Retired in Rome Journal: Losing 10 pounds in Italy isn’t as hard as you think

I'm not a great cook, but I'm a good cook in Rome. Fresh pasta and sweet tomatoes can make simple meals delicious.
I’m not a great cook, but I’m a good cook in Rome. Fresh pasta and sweet tomatoes can make simple meals delicious.
I received a little bit of a shock Tuesday. I weighed myself for the first time since I moved to Rome Jan. 10. I’ve lost 10 pounds. None of them were ugly. I’m down to 90 kilos or 198 pounds. At 6-foot-3, I’m the lightest I’ve been in more than 20 years. That’s not good. My best friend, whom I grew up with in Eugene, wrote me, “You’re the skinniest I’ve seen you since you were in high school.” When I graduated from high school, I was 6-2, 165 pounds. You think you women have body issues?

So do I.

Losing weight in Italy shocks people. It’s like getting fat in rural Sudan. It makes no sense.

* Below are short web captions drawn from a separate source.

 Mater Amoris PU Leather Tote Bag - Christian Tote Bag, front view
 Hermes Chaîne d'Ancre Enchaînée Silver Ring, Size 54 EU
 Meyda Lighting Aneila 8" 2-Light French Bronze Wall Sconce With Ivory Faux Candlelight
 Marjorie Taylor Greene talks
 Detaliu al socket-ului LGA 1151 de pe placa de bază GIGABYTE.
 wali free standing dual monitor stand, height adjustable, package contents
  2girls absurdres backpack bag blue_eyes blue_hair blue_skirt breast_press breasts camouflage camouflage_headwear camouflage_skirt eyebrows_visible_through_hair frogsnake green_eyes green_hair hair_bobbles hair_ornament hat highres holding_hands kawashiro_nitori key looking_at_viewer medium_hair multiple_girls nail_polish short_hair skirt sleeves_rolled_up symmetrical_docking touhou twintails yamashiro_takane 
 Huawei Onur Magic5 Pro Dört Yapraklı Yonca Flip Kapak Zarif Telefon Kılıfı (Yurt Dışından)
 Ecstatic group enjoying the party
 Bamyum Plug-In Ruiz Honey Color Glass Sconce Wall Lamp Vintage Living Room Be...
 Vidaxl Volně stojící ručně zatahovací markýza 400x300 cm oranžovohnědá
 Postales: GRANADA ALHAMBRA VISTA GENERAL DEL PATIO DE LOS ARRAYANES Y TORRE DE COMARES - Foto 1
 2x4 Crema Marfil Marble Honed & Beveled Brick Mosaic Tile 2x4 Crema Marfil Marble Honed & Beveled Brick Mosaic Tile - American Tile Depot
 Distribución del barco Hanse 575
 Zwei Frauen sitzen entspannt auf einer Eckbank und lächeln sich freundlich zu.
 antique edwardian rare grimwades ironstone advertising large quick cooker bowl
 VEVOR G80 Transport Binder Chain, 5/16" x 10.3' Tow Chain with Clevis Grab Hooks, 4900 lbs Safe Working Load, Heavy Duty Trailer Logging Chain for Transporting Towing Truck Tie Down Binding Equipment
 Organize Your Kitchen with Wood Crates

I’ve spent half of these blogs writing about my adventures in pasta, sausage, buffala mozzarella, French pastry, Italian pastry, cappuccino with foamy whole milk and pizzas so perfect you think artists made them instead of cooks. In fact, I’m writing this from Linari, a pasticceria (pastry shop) in my new neighborhood. Since it opened in Testaccio 40 years ago, it has built a reputation as arguably the best pasticceria in Rome. I’m typing while standing guard over a display case of chocolate-filled cornettos, cannolis and white mountains of chocolate-flecked baked meringue.

Most people would gain five pounds just looking up.

The lifestyle in Rome, however, has built-in safeguards. Like Romans, I walk everywhere. When I lived in Centro Storico, I didn’t need public transportation for two months. Rome is one of the world’s great walking cities and I would walk four to six miles a day. Even when I wasn’t going anywhere, I’d just wander. I have a pile of business cards from restaurants and cafes I stumbled on just in my daily rambles. Even when I take a subway, it’s a 10-12 minute walk.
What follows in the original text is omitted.